In a pilot study, observed (means ± SD) T concentrations were 337 ± 87 ng/dl after combined subcutaneous ganirelix administration and a total of six consecutive intravenous pulses of rhLH 50 IU infused every 2 h in 8 young men. The saline control values were 85 ± 12 ng/dl, thus verifying inhibitory efficacy of ganirelix. Therefore, based upon the simplest analysis via a paired two-tailed Student's t-test, approximate statistical power was estimated as >90% for detecting a proposed >33% contrast between T concentrations during pulsatile and continuous rhLH infusions if 18 individuals were studied at penalized P < 0.01. The penalty reflects the hypothesis that either one or both (1 or 2 h) of the rhLH-pulse paradigms differ from continuous saline or continuous rhLH stimulation (34).

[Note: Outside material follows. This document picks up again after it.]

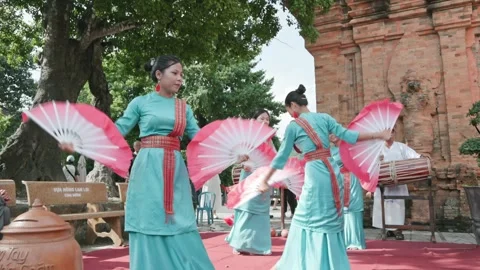 Traditional Cham dancers perform with fans and drums in Nha Trang, Vietnam Stock Footage 333936050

A secondary unpowered hypothesis was that age would negatively determine T responses to any of the three active rhLH infusion types as assessed by linear regression (P penalized at 0.0167 by Bonferroni adjustment).

Exponential curve fitting (monoexponential ascending curve) and kinetic analysis were used to estimate the rate of rise of measured T concentrations and the metabolic clearance rate of infused LH, respectively (50, 52). Deconvolution analysis was applied to assess the half-life of disappearance of infused LH (26). The plateau T response was defined as the mean of the last 90-min T concentrations and the peak T response as the maximal (single) T concentration achieved in each session. The mean T response was the arithmetic average T concentration over each 10 h of sampling.

One-way ANOVA, using the incremental T response to an active rhLH infusion minus that to saline as the variable, was applied to test for T-response differences among infusion protocols (34). Post hoc comparisons of means were made by Tukey's honestly significant difference test at experiment-wise P < 0.05.

Linear or quadratic regression analysis was used to evaluate response correlations (10).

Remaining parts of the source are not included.